Sounds like while there is mutual feelings of obligation there is a ton of underlying resentment that has not been properly addressed. It sounds like the problem is that you want both of you to have attraction and love for each other, so IMO divorcing or separating does nothing towards fixing that - what it does is frees you to find that with someone else someday but it will not make life easier for you and will not result in what you are looking for anytime in the near future - your happiness is the long term goal.

Most certainly the resentment corresponds to the mutual infidelity you both had, are you certain that it ended for both of you? You likely tried to sweep it all under the rug, the problem is the mess is still there just where you can't see it, you can't ignore it forever.

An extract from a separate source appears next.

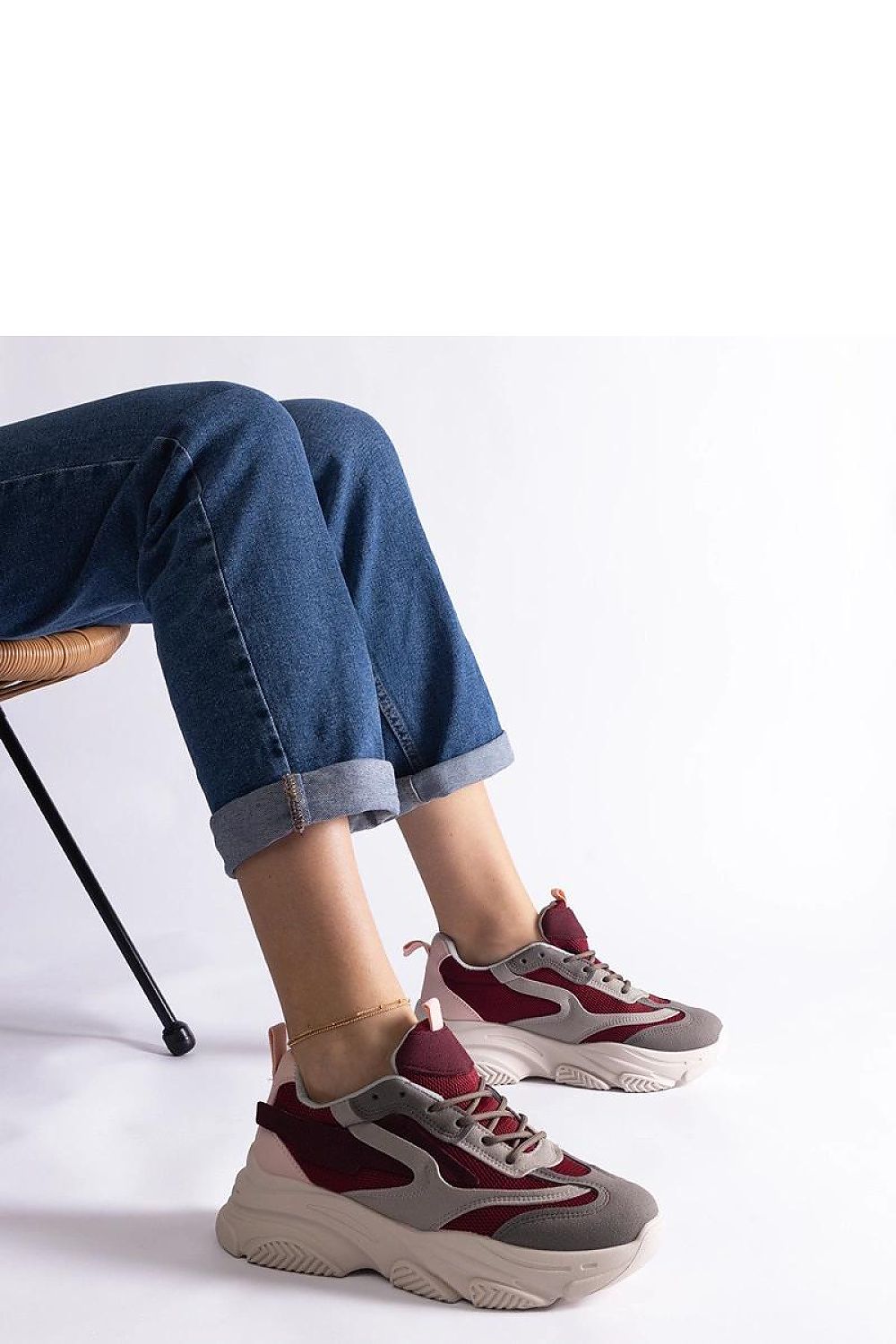 Sneakers model 207211 Solea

Go to MC and figure out what each of you need from each other to make the relationship work, then just do it, don't overthink it just listen to what she REALLY needs: maybe she just doesn't want to be the one that has to initiate all or even most of the time, maybe she wants someone that takes what he wants more - or else that is completely the wrong approach and what she wants is someone who acknowledges her more and validates her feelings. If you love this woman and want you both to be happy you still have lots more to give... and of course if your eyes or heart are elsewhere and there is some other woman or the possibility of some other woman keeping you from staying checked into your marriage then it is on you whether you want to keep your family together or risk breaking it up in hopes to find a better partner (something that is much more elusive than we are often led to believe).